▶ **Assignment**: Could you output each line below precisely as it stands, without the images?

◇ ◇ ◇ ◇ ◇ ◇ ◇

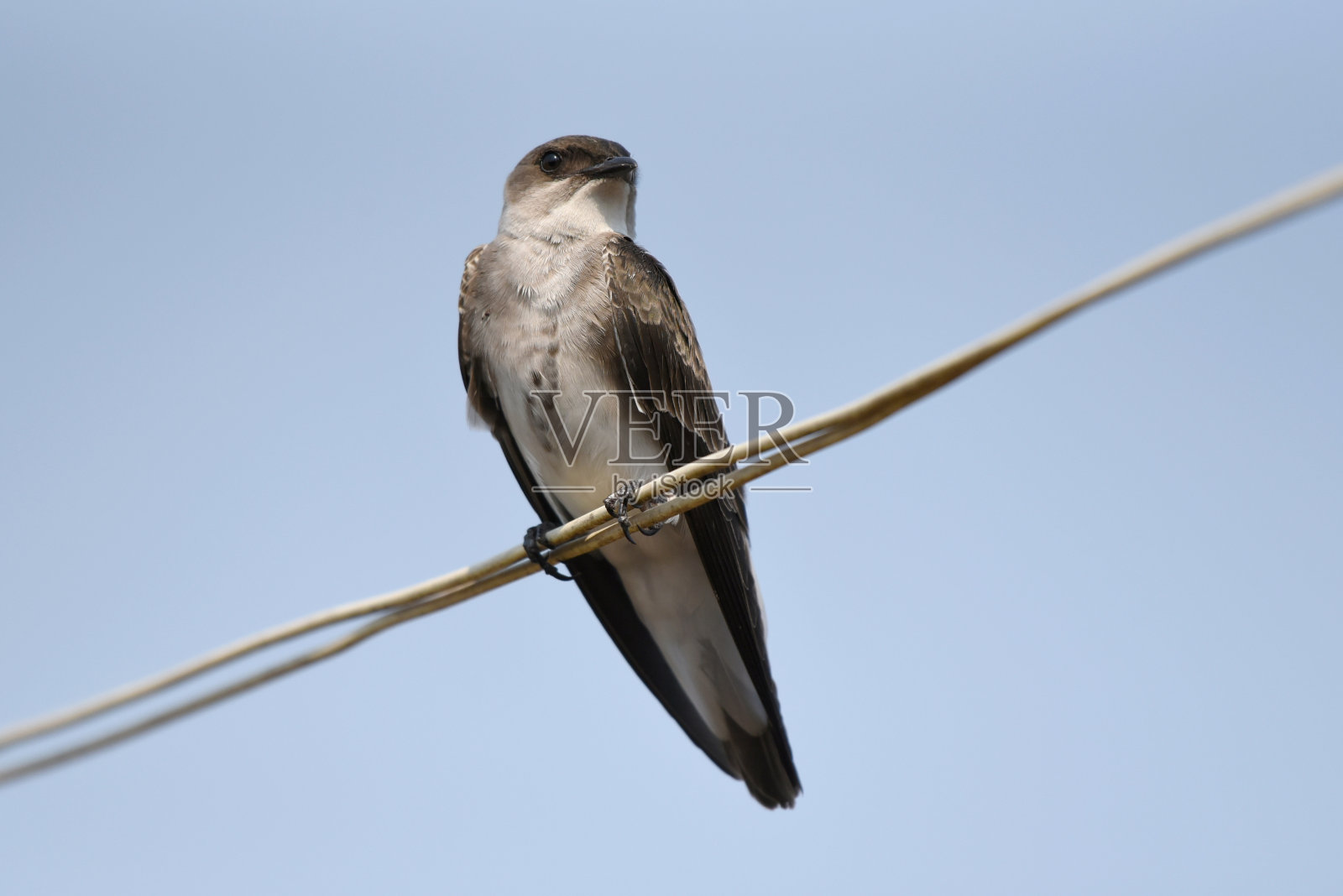 棕色胸部的马丁(Progne tapera)坐在一根电线上照片摄影图片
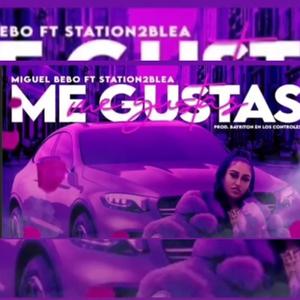 ME GUSTAS BY: BAYRITON (feat. STATION2BLEA) [Radio Edit]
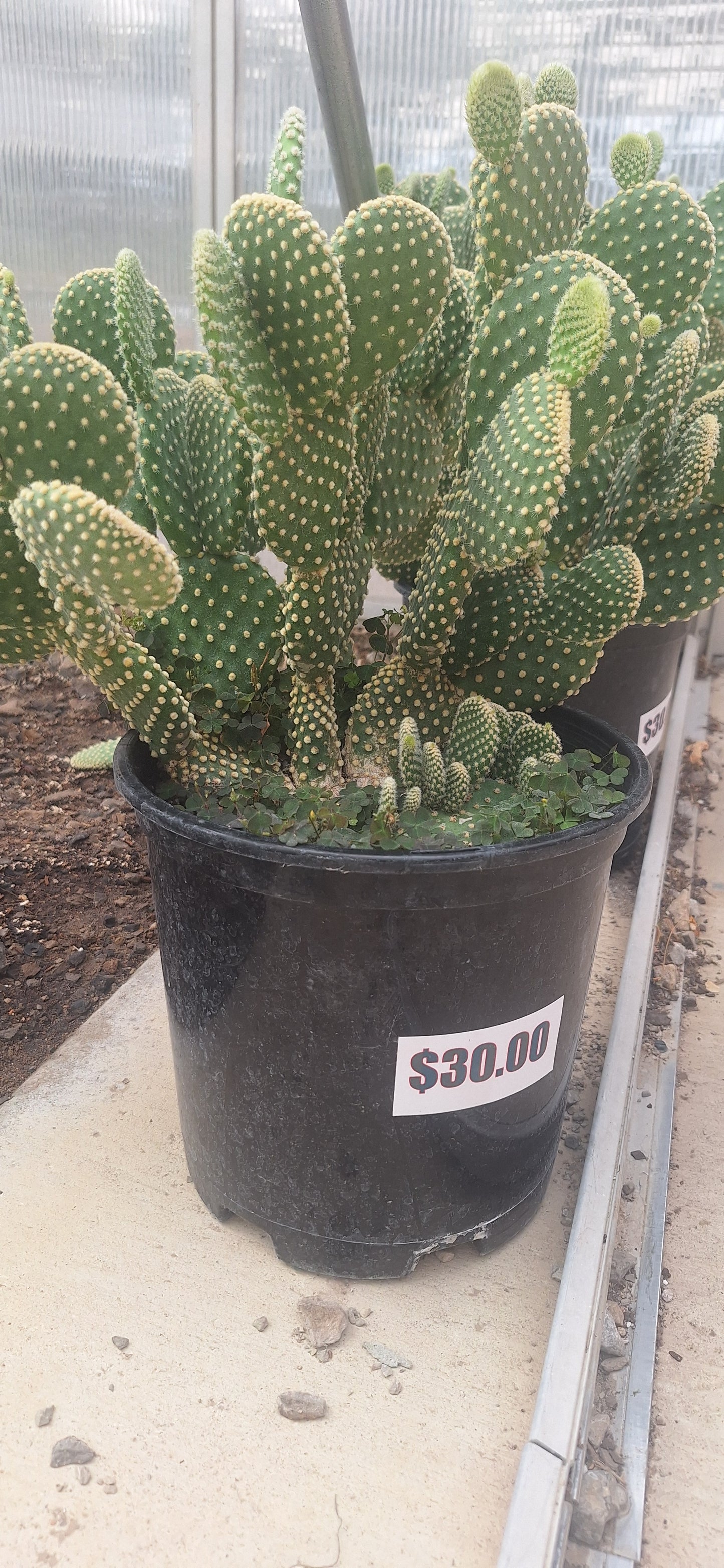 Bunny Ear Cactus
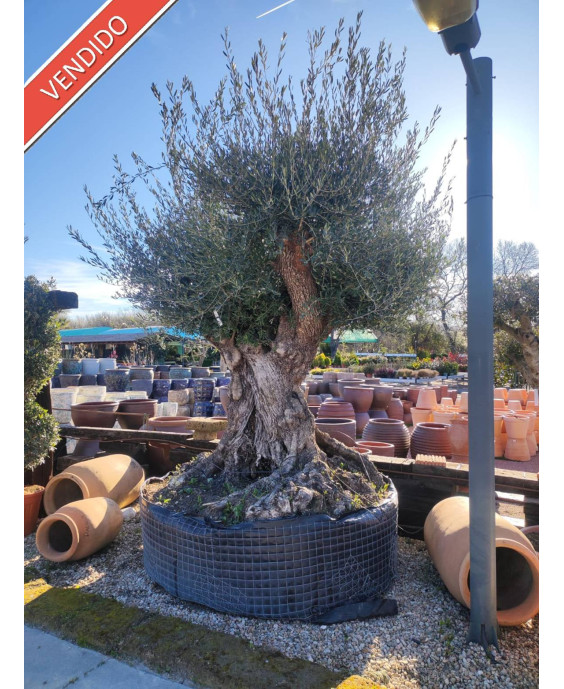 OLIVO 006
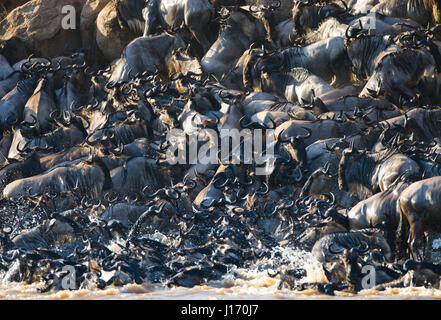 Big herd of wildebeest is about Mara River. Great Migration. Kenya. Tanzania. Masai Mara National Park. Stock Photo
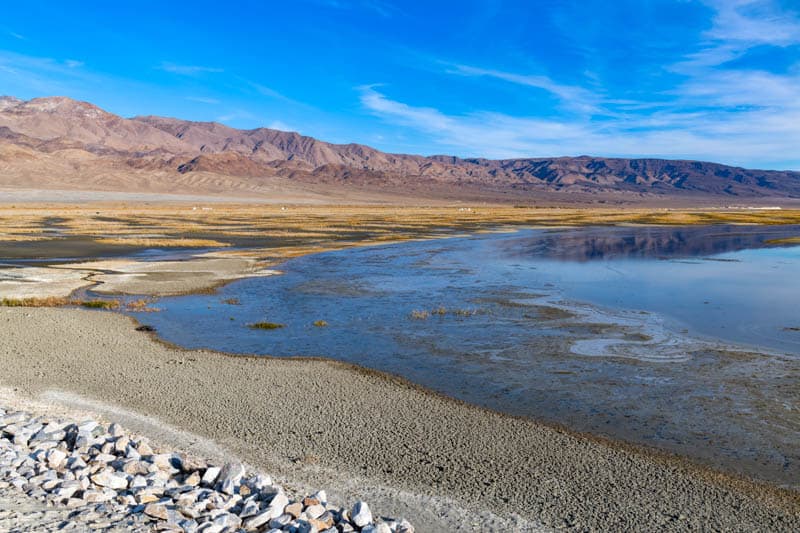 Owens Lake in the Eastern Sierra is a a great spot for birding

◇ ◇ ◇ ◇ ◇ ◇ ◇

▶ **Result of this task**:
 棕色胸部的马丁(Progne tapera)坐在一根电线上照片摄影图片
 ME GUSTAS BY: BAYRITON (feat. STATION2BLEA) [Radio Edit]
 Bunny Ear Cactus
 OLIVO 006
 Big herd of wildebeest is about Mara River. Great Migration. Kenya. Tanzania. Masai Mara National Park. Stock Photo
 Owens Lake in the Eastern Sierra is a a great spot for birding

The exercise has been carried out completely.